According to the American Staffing Association, there are about 20,000 staffing and recruiting companies in the US operating a combined total of 39,000 offices. Where there’s this much competition, there’s opportunity, right?
There’s no shortage of recruiting firms, and for better or worse, there are no (or very few) barriers to entry in this space. Essentially anyone with an internet connection can jump into the fray.
The good news is that you only need to speak with a handful of job seekers to learn that the vast majority of existing firms aren’t very good at what they do. That leaves a pretty big gap in the market on which a professional with the desire and willingness to put in the hard work can capitalize — like I did eight years ago when I started my own firm.
If you find yourself fantasizing about self-employment; being your own boss; and working with whom you want, when you want, how you want, then making the decision to start a recruitment agency might be a great choice for you. It’s even better if you have a background in sales/business development and understand how companies hire people to achieve their business objectives.
7 Things You Need for a Successful Recruiting Firm Launch
It’s not as hard as it may seem to get started. Want to make sure you’re on the right track? If you have everything laid out below, you are probably ready to go. If not, maybe take a step back and do some more planning.

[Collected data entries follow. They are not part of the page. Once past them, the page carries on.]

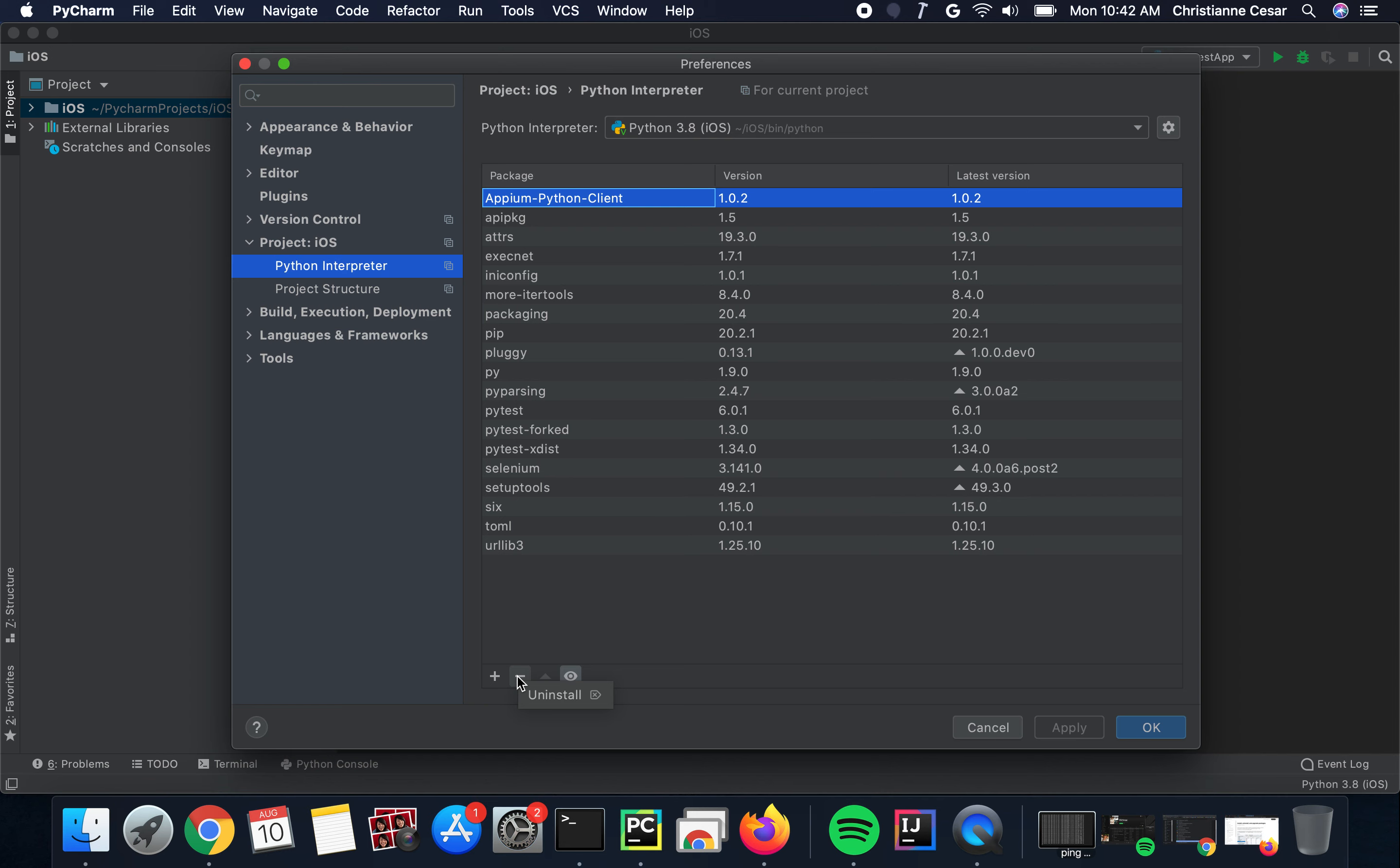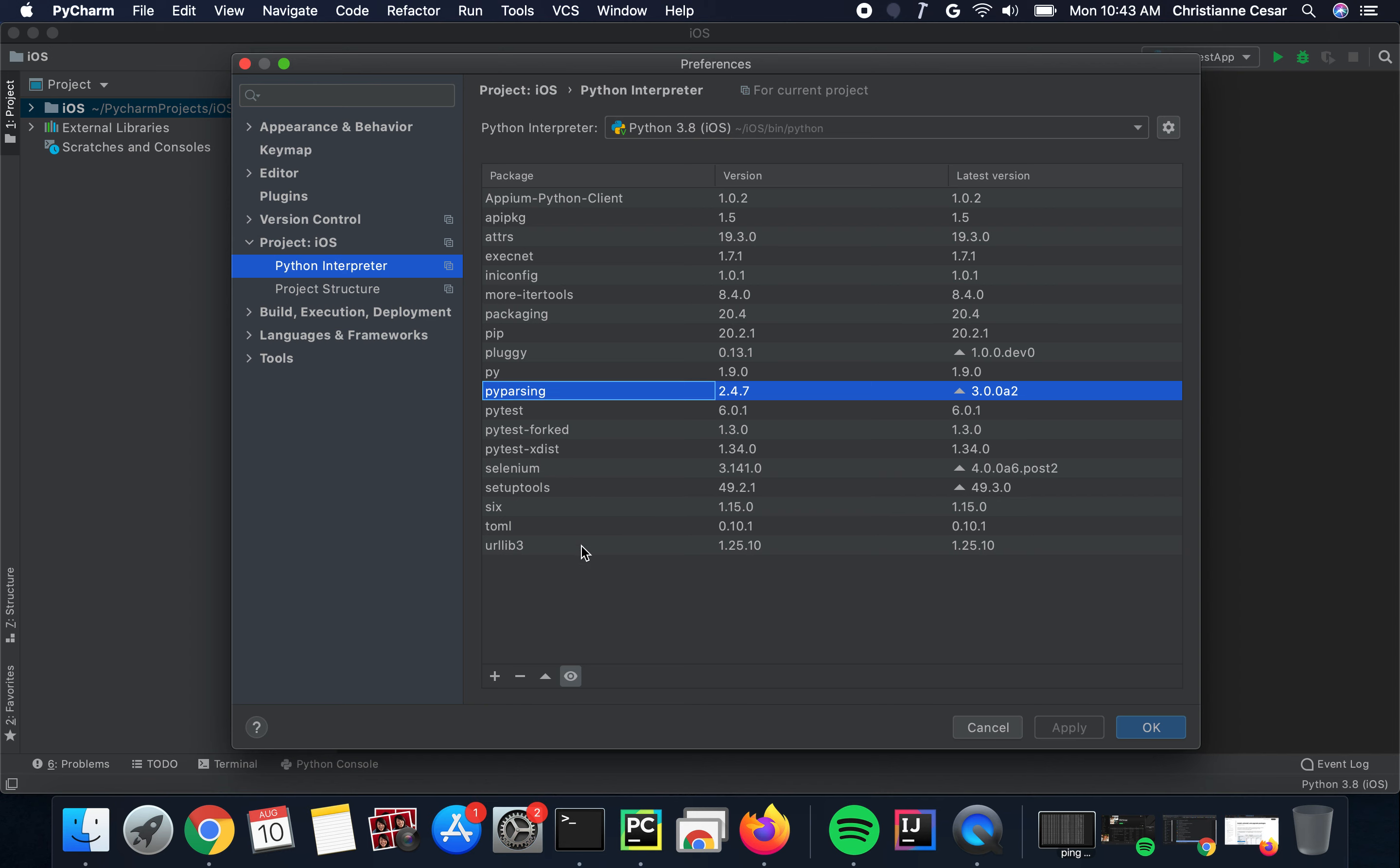To upgrade or update your package, you will notice there is an arrow here, which means there's an updated version of this package. Click on the package that has an arrow and then click on this arrow to upgrade. That's it.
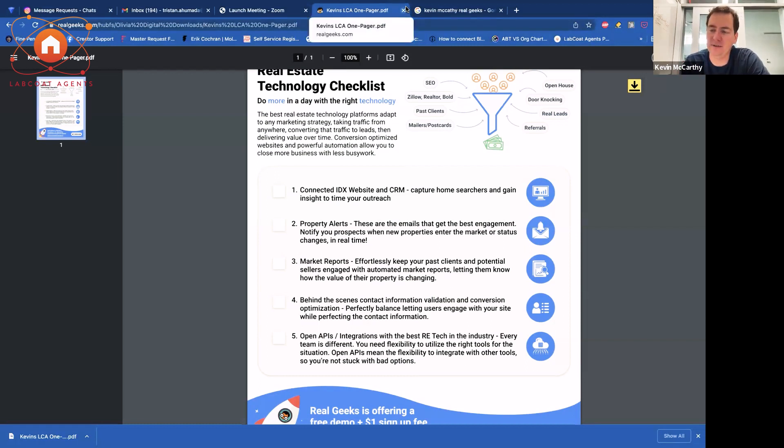Let me give you the overview of why agents need technology. The number one thing technology is going to do for you — the number one problem it solves — is that real estate agents are losing money trying to figure out who they should be contacting next. You've got a big database of people. With a basic CRM you can set a schedule and tag them, but that's a whole bunch of work based on manual conversations, and it doesn't scale to a larger database.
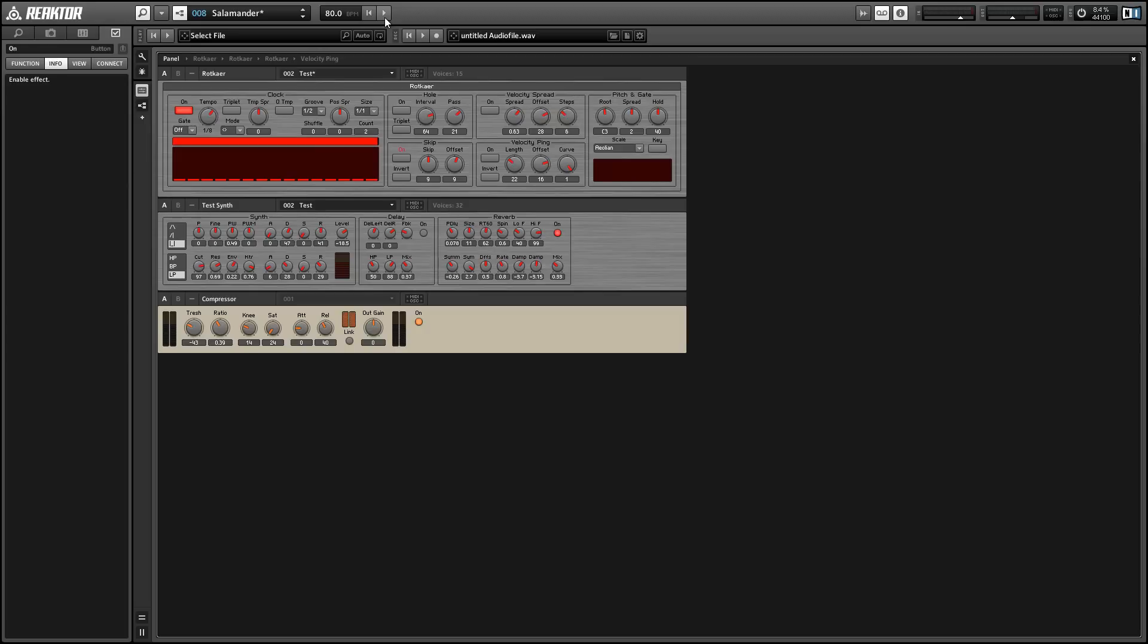So on the left-hand side of the interface, we have a little XY module that has a bar for each note that can be triggered by this ensemble. And the note is going to be triggered each time you see the bar move.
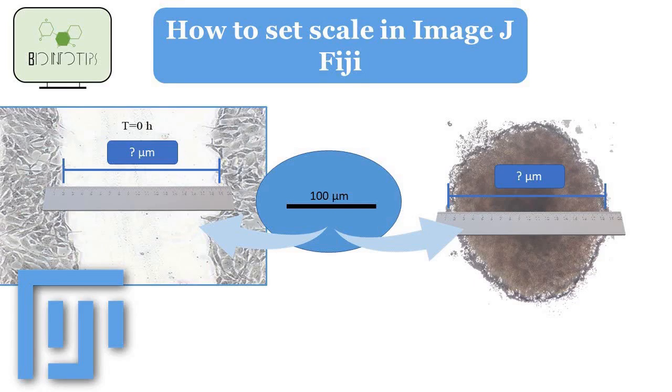Hello and welcome to this ImageJ tutorial. In this video, I'm going to show you how to define the scale in ImageJ.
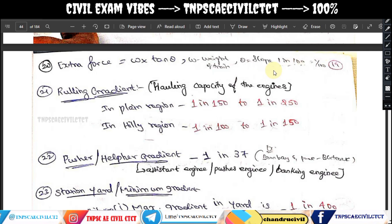We use extra force W into tan theta. The slope we use is 1 in 200.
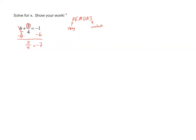And then now I've got x divided by 4. And of course, the opposite of dividing by 4 is multiplying by 4. So I'm going to multiply both sides by 4, and you'll notice that those will cancel out, and we'll have x equals negative 28. And so there's your answer.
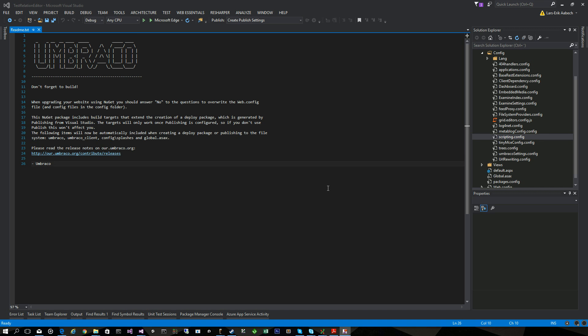Hi guys, my name is Lars-Erik Åbeck and I'd like to show you my package called Umbraco Relation Editor. It's used to edit relations in Umbraco and I guess since you're watching this video you know there's no built-in way to do that.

For more expert recruiting insights, check out the latest issue of Recruiter.com Magazine:
✅ You’ve Researched and Selected Your Vertical Focus
Whether it’s sales, technology, finance, retail, manufacturing, consumer goods, or something else entirely, your specific industry focus will be the most important decision you make. In many ways, your success as a recruiter depends on building a network of clients (hiring managers) and talent (candidates); the more specific and vertically focused you can be, the better.
Having trouble deciding where to focus? Browse the job boards and see what kinds of positions companies are hiring for. Pay particular attention to the sponsored jobs; employers are paying to advertise these roles, which means candidates are in especially high demand.
✅ You Have an Active LinkedIn Account
Think of LinkedIn the same way the folks who work on Wall Street think of their trading software: They couldn’t do their jobs without it. Before you start your recruiting business, get to at least 500 connections on LinkedIn. You’re going to need a robust network to succeed in this line of work.
✅ You’ve Purchased and Set Up Your Candidate Tracking Software
More commonly referred to as an applicant tracking system (ATS), this software is how you’ll keep track of your job orders and candidates. A good ATS will have search functionality built in, so you can find candidates from past searches for new ones, as well as a pipeline tool to track who has been submitted and who is interviewing where and when. Personally, I recommend CATS.
✅ You Have a Bookkeeping System (Like Quickbooks)
You’re going to need a way to send out invoices to ensure you get paid for your placements. I personally prefer Quickbooks because of its user-friendly interface and mobile app, as well as the variety of add-on products you can purchase as you expand.
✅ You’re Set Up on G Suite
As an independent recruiter, you’ll spend a large part of your day scheduling interviews and meetings in your calendar and the calendars of your clients. Invest in something like G Suite for this purpose. You’ll get a branded email address, plus access to Google Calendar and the ecosystem of third-party apps that integrate seamlessly.
✅ You’ve Adopted an Always-on Mentality
Without a doubt the most important thing you’ll need to prepare for when starting your own recruiting firm is the impact the business will have on your lifestyle. You’ll need to embrace an always-on mentality. Work never stops in this field. If you’re someone who likes to shut down after 8-10 hours of work in a day, this might not be the best path for you to take.
The good news? You can leave the office any time you want. The bad news? You may need to talk a call on a Sunday morning. The honest truth: You won’t mind at all, because you’ll know that each activity is a step closer to a placement or money in the bank.
✅ You’ve Received Proper Training
I can’t stress this enough! If you’ve been working for a reputable recruiting or staffing firm and have learned the ins and outs of the business from someone who knows what they are doing (and has a track record to prove it), you are probably in good shape. If not, you’ll want to get a crash course in how all of this works. An experienced recruiting coach can help get you on the right track, but the real test will be when you put what you’ve learned to work for yourself.